The most offensive measure in the bill is the call for oil drilling in Alaska’s Arctic National Wildlife Refuge, which would jeopardize a fragile, pristine ecosystem by bringing in heavy machinery and an infrastructure supporting drilling crews. While Senate Democrats promise to filibuster, it should not come to this.
The energy bill provides $8.1 billion in tax breaks in the next decade, most of which will benefit coal, nuclear and natural gas providers – not the renewable energy industry. Republicans also defeated a measure to increase fuel efficiency standards in the next decade, effectively condemning Democrats’ efforts to add some redeeming conservation measures to the bill.
The bill also shields the makers of MTBE, a gasoline additive that has contaminated drinking water, from any product liability suits and even gives it $2 billion for transition costs as the dangerous chemical is phased out. When chemical companies are not held accountable for their actions that harm people, the public stands to become one big guinea pig for an arsenal of potentially harmful agents.
In a sorry attempt to seem environmentally friendly, the bill requires billions more gallons of ethanol to be used as a gasoline additive. Unfortunately, this farmers’ subsidy just shifts the burden of pollution from cars to ethanol plants and does nothing but use our fossil fuels in producing ethanol instead of powering cars – nothing is gained there.

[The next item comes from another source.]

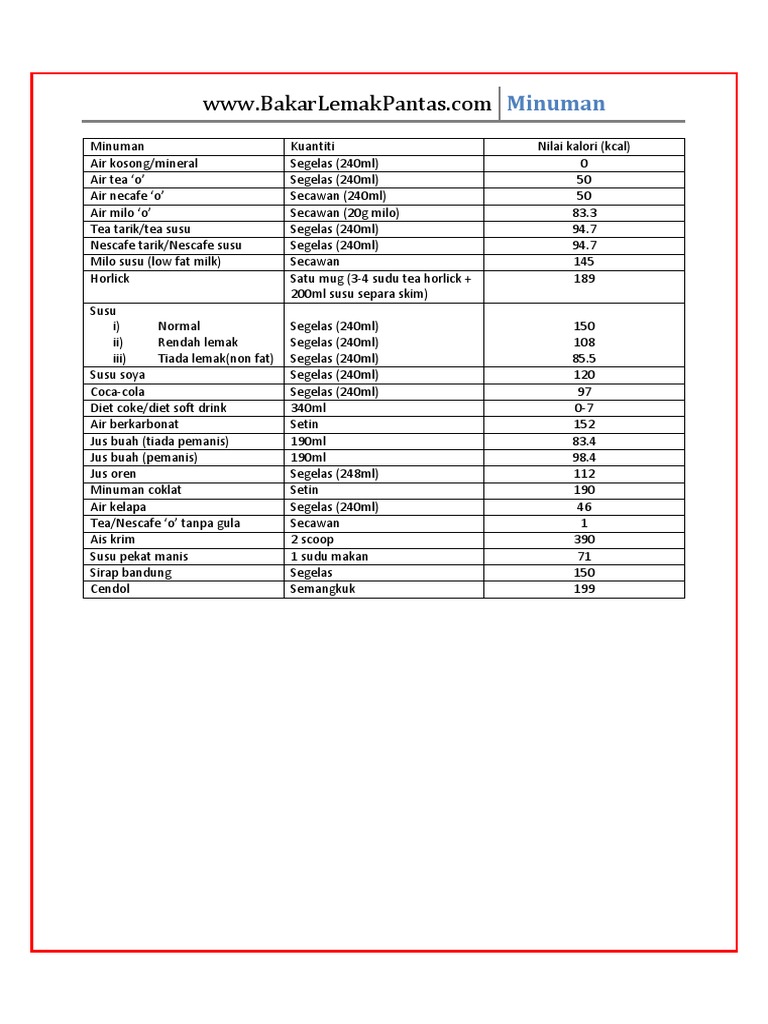 Nilai Kalori Minuman Pdf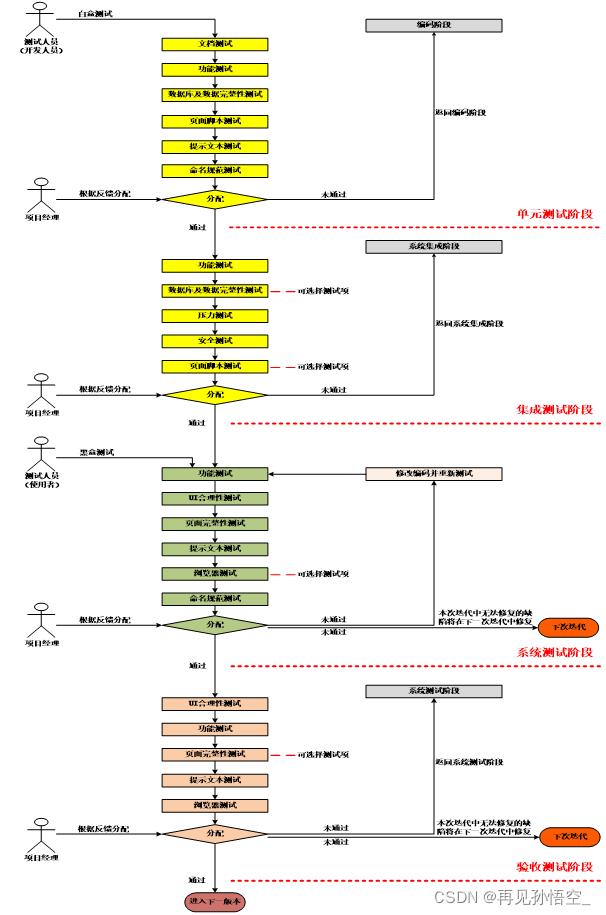 【软件测试系列一】《软件测试基础知识》_系统测试_11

This bill does nothing to fix this country’s energy crisis; the House only seems intent on providing economic incentives to its energy-company friends. Gas prices will not go down; lawmakers will not encourage conservation as a viable way to reduce dependence on foreign oil. House Republicans are driving this country to hell in a petroleum-fueled handbasket faster than the Democrats can say “filibuster.”